Further capping a grim beginning to Parliament's final session of the year, a Newspoll in the Australian yesterday showed Rudd had taken large hits on his personal standing. Another poll suggests support for his ETS is sliding fast, and industry is fuming at the likelihood its emissions costs will rise because of the exclusion of agriculture from the scheme.

Rudd agreed to dump agriculture in a bid to win the support of the Opposition in the Senate, but has been warned in return that more concessions will be needed.

Even if Opposition negotiators strike a deal with the government, it has to be signed off by a Liberal Party that will include a sizeable number of climate change sceptics and others who want the scheme delayed until after next month's Copenhagen summit.
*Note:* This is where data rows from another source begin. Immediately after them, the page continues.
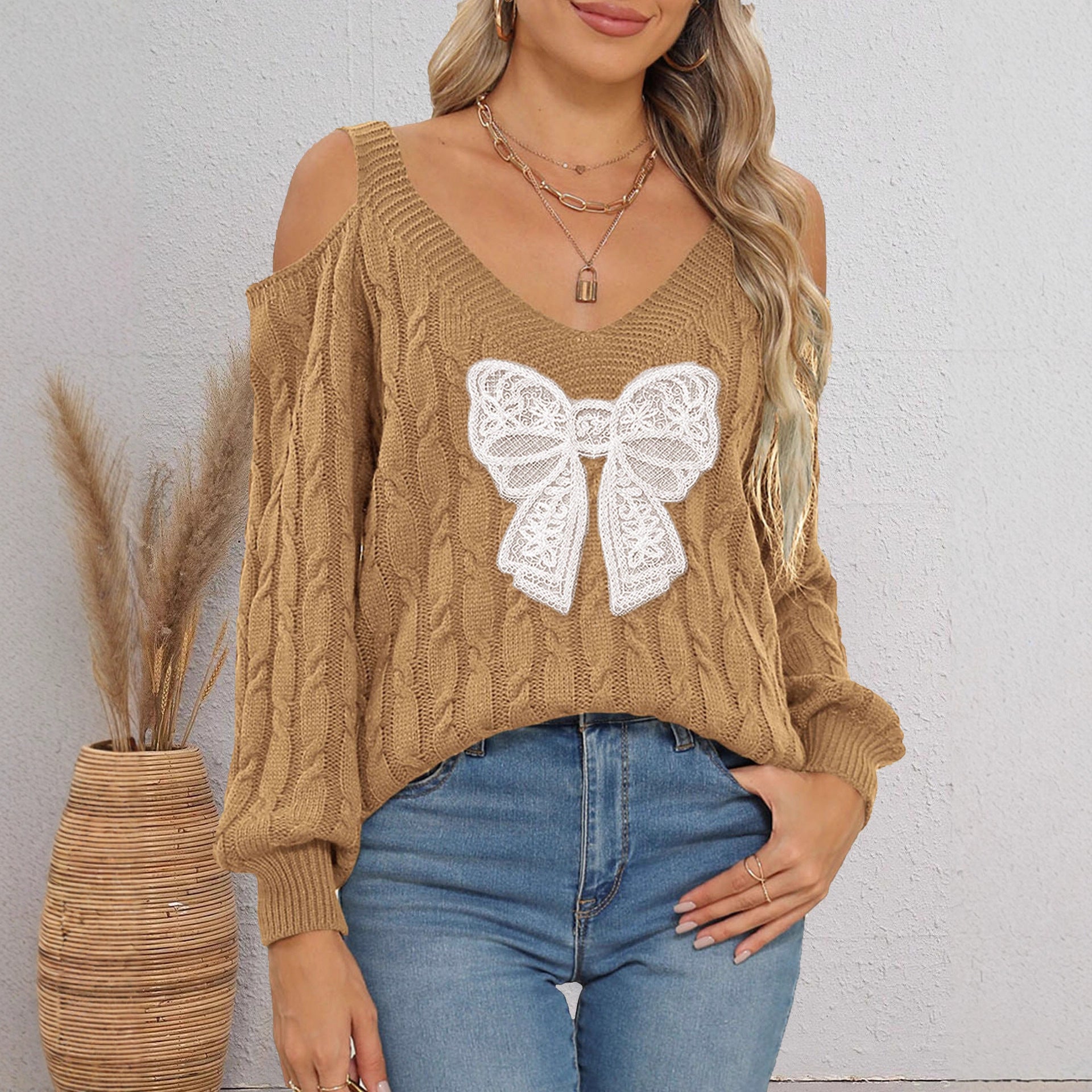 Women off the Shoulder Strap Sweater Women Lace Embroidered Bow Decoration Deep V Plunge Twist Woven Cover Sweater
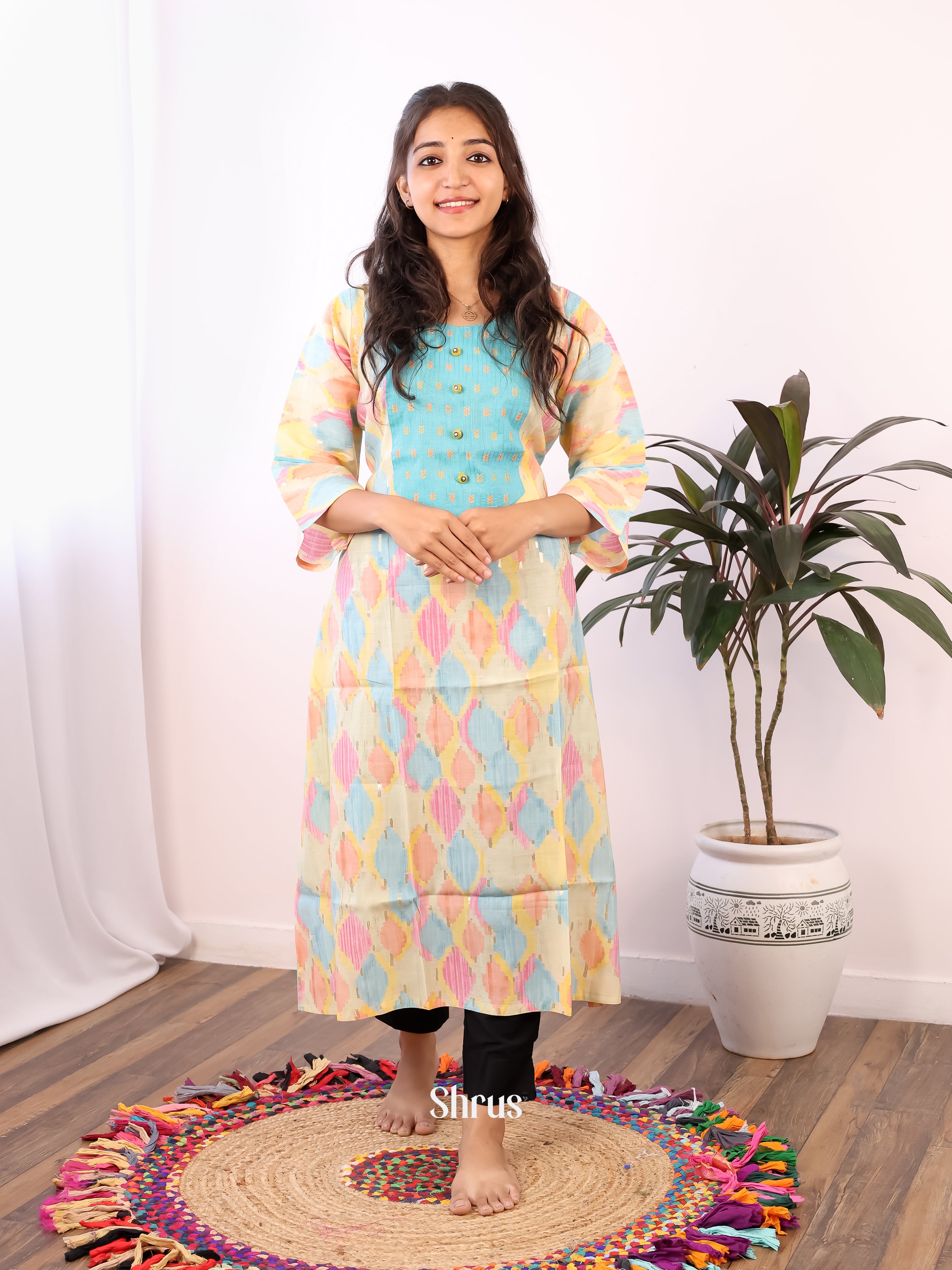 Cream & Blue- Readymade Kurti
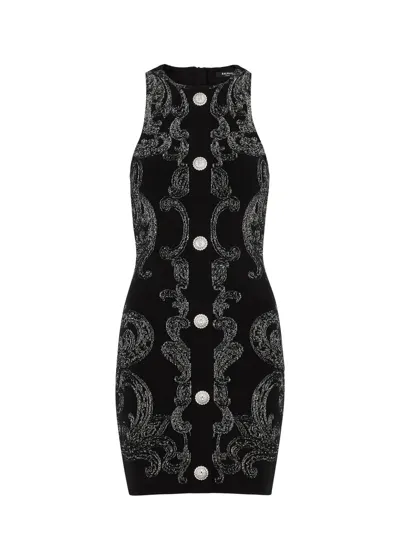 Balmain Metallic Paisley Jersey Halterneck Mini Dress In Black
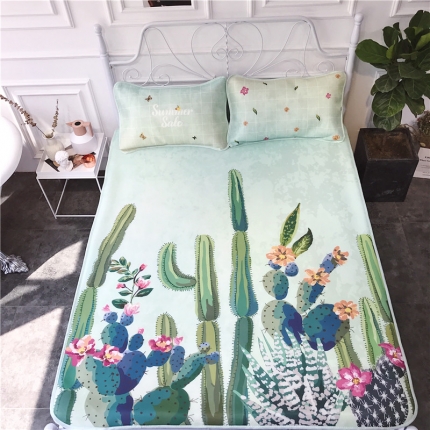 91家纺网 家纺一手货源 找家纺 昔可家纺 2018新款3D凉席 绿色仙人掌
Two Liberal Senators have indicated they will cross the floor if the party does agree to the deal and more may follow. The junior Coalition partner, the Nationals, bluntly refuse to vote for an ETS in any form, and two other non-government Senators are unlikely to support the scheme.


Let's get this straight. Australia's flailing around has resulted in agriculture being removed from the scheme? Right. So NZ's insistence upon keeping agriculture in it means that once again we are leading the world, right John--the very thing which you once said you did not want to see happen.

So, to sum up. Europe has made a Clayton's commitment which is worthless. The US will simply not pass a cap and trade bill. Neither will Australia. But we are going to--and before Copenhagen, by golly. It's become farcical.

But worse, in the political manoeuvring to try to get the ETS legislation back into the House it would seem that the NZ Government is prepared to bribe (there is no other word for it) Maori business interests with our money, in order to secure the support of the Maori Party which it needs. This thing stinks. It is becoming more odious by the day.

So, Mr Key, here is where you face one of those defining moments of your political career. You will either secure the sobriquet "Honest John" on the matter of the ETS, or your will forever be painted as dishonest and untrustworthy in everything.

You once said that it was wrong that New Zealand weaken itself just to make a political propaganda point before the rest of the watching world. In the matter of carbon emissions we should not lead, but follow, you said. We are now, once again, in a position of leading the world--not because your original ETS conceptions have changed--but because the rest of the world has. It has backed right off, leaving us well out in front. Are you going to be honest about this, or continue to dissemble? Where is your vaunted pragmatism now? Or are you morphing into an ideologue of the beltway?

You have said that not having an ETS would damage our trading relationships. That is now patently not the case. Our major trading partners are dropping their ETS proposals like hot cakes, or have so qualified them that they are symbolic gestures only. They have all reluctantly acknowledged that Copenhagen will be nothing more than a talkfest. Our trade is clearly no longer at threat and we don't need anything like an ETS to defend it. Are you going to be honest about this, or not?

Finally, you have lectured your own members repeatedly on the imperative to get the big things right in order to retain the confidence of the New Zealand public. The ETS is the most revolutionary act of self-inflicted economic damage proposed in the history of our country. Will you be honest and true to your own MP's, or are you going to tell them to "do as you say, not as you do". Make no mistake. The ETS madness will be an unparalleled expansion of state power in the economy. It will undermine the competitiveness of our economy. It will put us still further down the international economic league tables. It will make every New Zealander poorer. At the stroke of a pen you will consign our economy to greater headwinds than it has ever before faced.

"Honest John", or "Tricksy John". Which is it to be?